Segment Start: Data

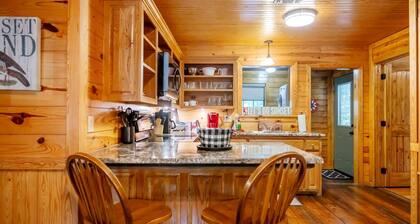 Sunset Ridge Cozy Cabin for 6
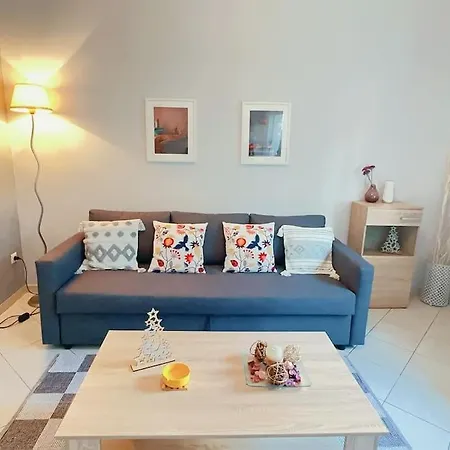 Apartment 近图书馆宽敞露台spacious Terrace Near Library Athens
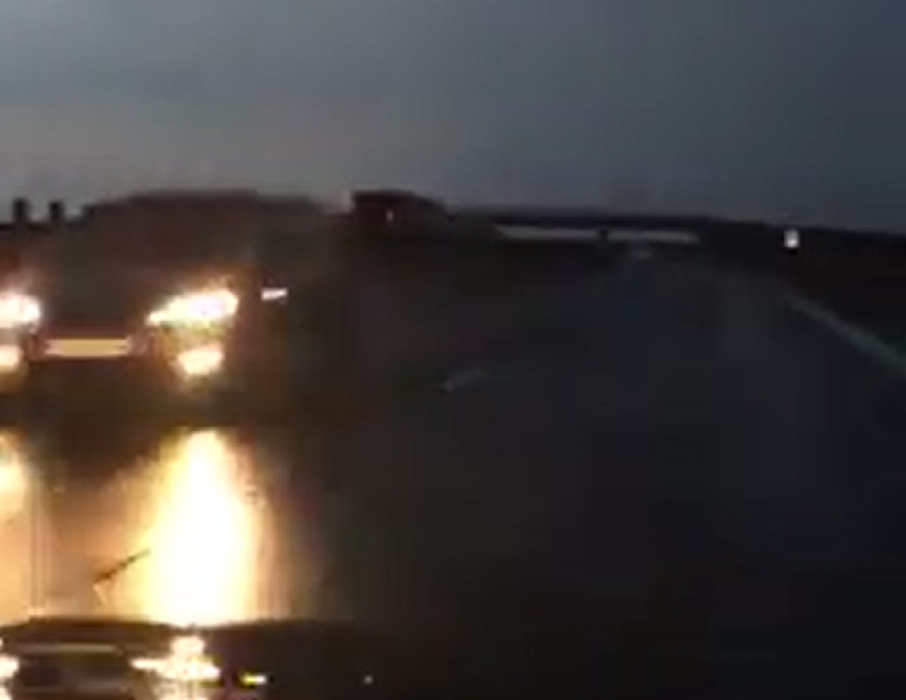 Şofer gonind pe contrasens, pe autostradă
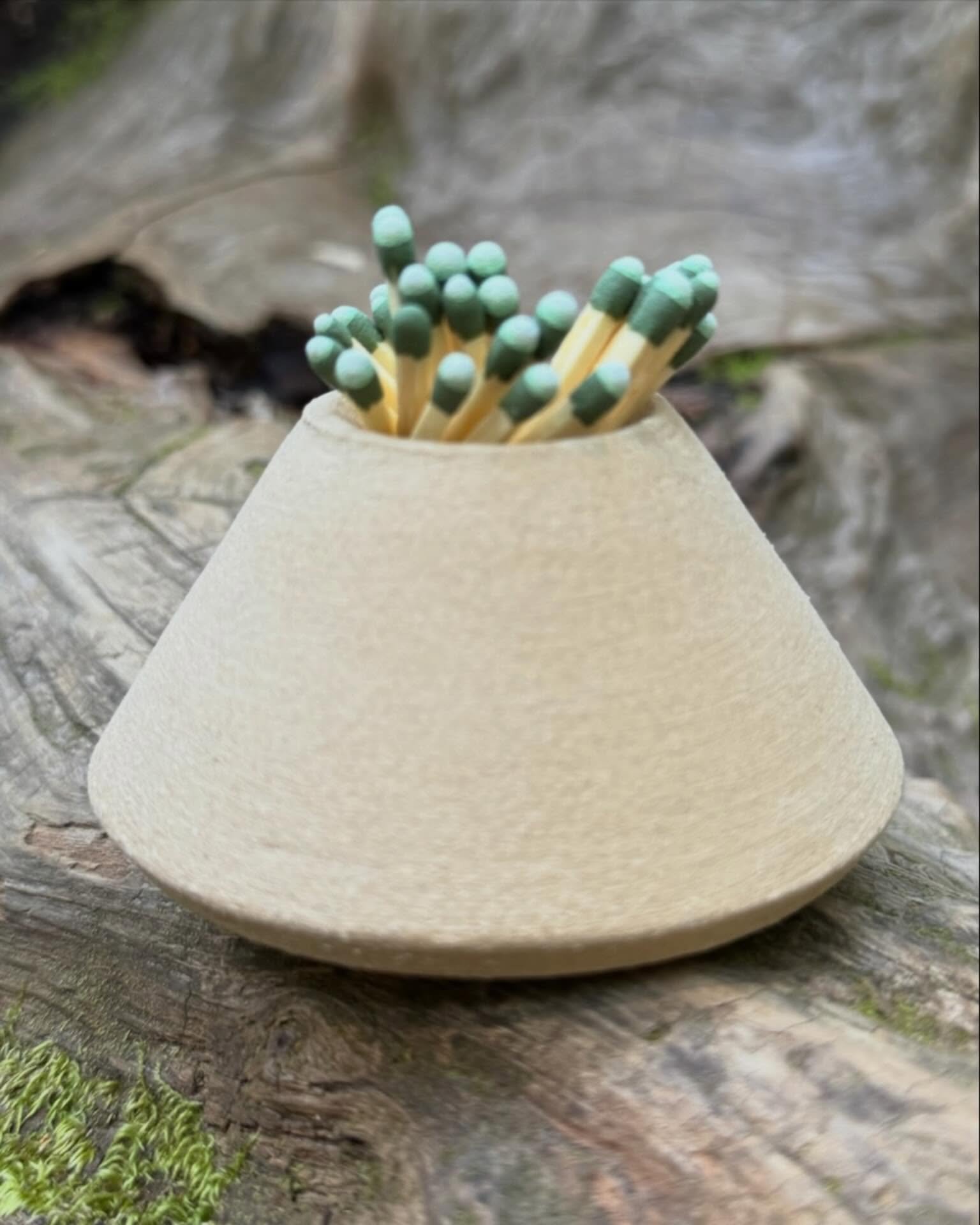 The perfect match strikes once 

#olivetceramics #match #sonomacounty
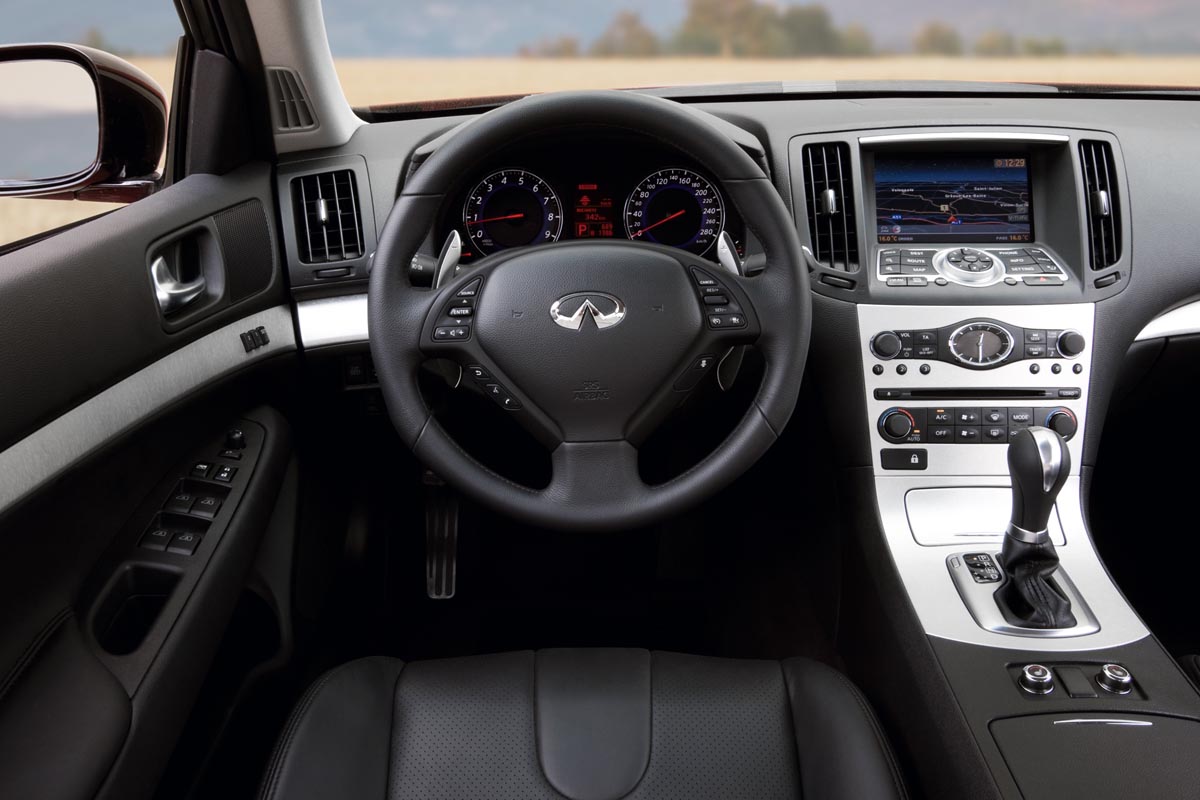 Infiniti G37x dash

Segment End: Data

Extract exactly the lines above from the line containing "#olivetceramics #match #sonomacounty" through the last one, both ends included, but not the pictures.

#olivetceramics #match #sonomacounty
 Infiniti G37x dash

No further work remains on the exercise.